Published on January 6th, 2017 | by Geetika Bhasin
Portuguese 3D printer builder launches the Roobee SLA/DLP 3D printer
Aldric Negrier, of the RepRap Algarve fame, is a Portuguese 3D printer builder and has just unveiled his latest creation, the RooBee One, an SLA/DLP 3D printer with an aluminum frame. The design code has been uploaded by Aldric on Instructables.
The printer is named RooBee One because of its deep red color. It is largely inspired by the Cristelia SLA 3D printer and Vulcanus MAX, Negrier’s own creation. The machine features an adjustable print bed, Arduino Mega, ACER DLP projector and is totally open source. The printer has unique features, like the Z axis is similar to that of the open-source Cristelia, with the addition of a few tweaks for better performance. The linear guide system for the Z axis is composed of two linear LMK12UU bearings and two 12mm rods, which are enclosed inside 3D printed casings. The transmission system comprises of a NEMA 17 stepper motor and an 8mm lead screw and nut.
The Z axis arm of the RooBee One is entirely new since the arm of the Cristelia did not fit inside the new printer’s housing. The new arm consists of a 3D printed casing, two LMK12UU bearings. The 3D printed section of the arm is a huge single piece and requires a huge build volume printer.
The resin vat for the RooBee One is made using five plexiglass panels, four red, one crystal, as well as acrylic glue. Negrier also used FEP (fluorinated ethylene propylene) film, a non-stick insulating material, resistant to chemicals and solvents to make the vat tight and secure.

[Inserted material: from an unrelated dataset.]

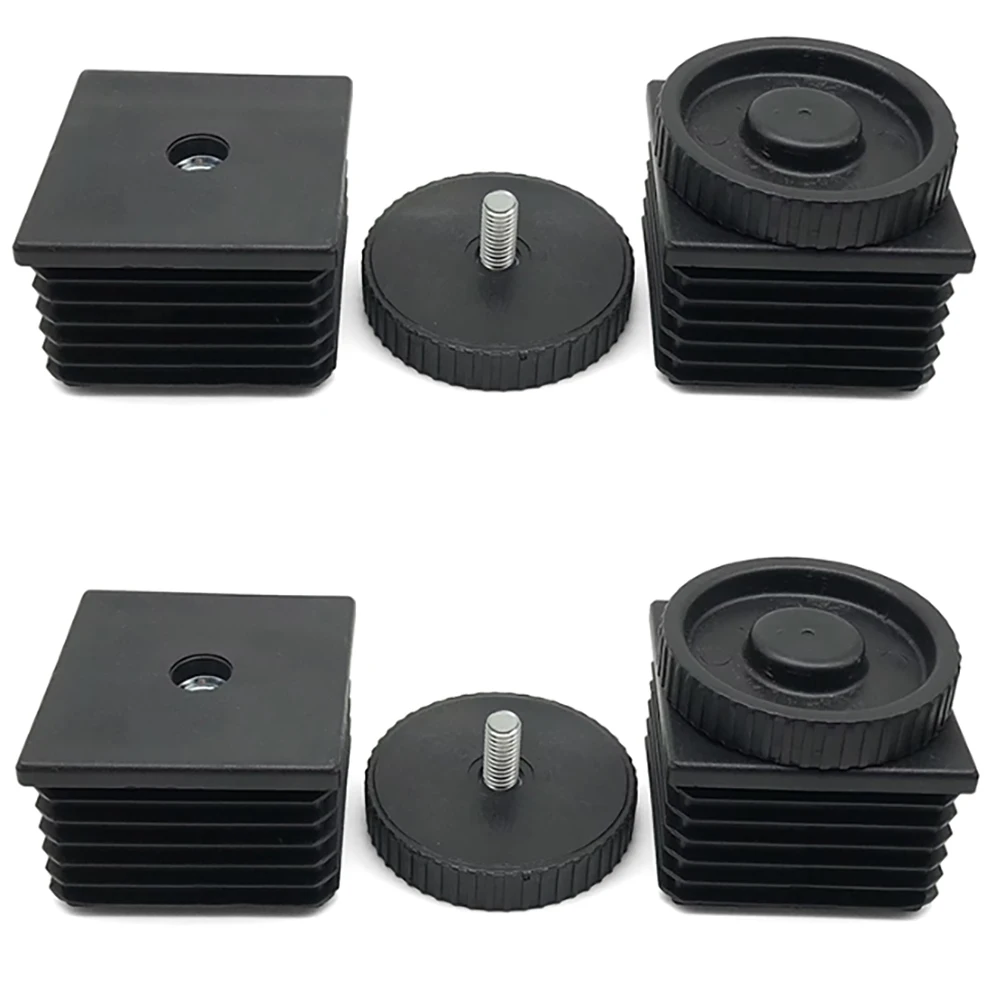 Square/Round Dia 28mm M8 PP Plastic Nut Plugs Adjustable Foot Pads Wear-Resistant Slip&Noise Reduction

The print bed of the RooBee One is made from 5mm aluminum sheet, which should be sanded to improve layer adhesion. The RooBee One’s electronics are an Arduino MEGA, a RAMPS 1.4 shield, an end stop, a micro-stepping driver, a NEMA 17 stepper motor and a 12V transformer. Negrier has used Repetier firmware, and he uses Creation Workshop to slice models before 3D printing on the machine. Printing can be paused and resumed, and users are also given a rough estimate of the entire printing process.